ACTION ITEM: Given the records below, would you repeat exactly the lines that begin at the one containing "pieces of butterscotch" and end at the one containing "2 Pack Wireless", inclusive?
AVAILABLE DATA Block Start
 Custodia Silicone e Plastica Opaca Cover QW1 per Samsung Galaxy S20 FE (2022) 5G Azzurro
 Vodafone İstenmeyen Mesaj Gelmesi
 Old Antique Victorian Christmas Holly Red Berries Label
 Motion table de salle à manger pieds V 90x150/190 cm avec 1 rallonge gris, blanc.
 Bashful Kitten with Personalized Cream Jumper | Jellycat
AVAILABLE DATA Block End
AVAILABLE DATA Block Start
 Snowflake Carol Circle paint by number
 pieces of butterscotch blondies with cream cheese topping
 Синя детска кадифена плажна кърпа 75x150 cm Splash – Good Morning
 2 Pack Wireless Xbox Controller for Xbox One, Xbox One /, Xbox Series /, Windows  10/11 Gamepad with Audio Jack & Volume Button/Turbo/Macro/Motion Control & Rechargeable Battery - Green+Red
AVAILABLE DATA Block End
WRITTEN ANSWER:
 pieces of butterscotch blondies with cream cheese topping
 Синя детска кадифена плажна кърпа 75x150 cm Splash – Good Morning
 2 Pack Wireless Xbox Controller for Xbox One, Xbox One /, Xbox Series /, Windows  10/11 Gamepad with Audio Jack & Volume Button/Turbo/Macro/Motion Control & Rechargeable Battery - Green+Red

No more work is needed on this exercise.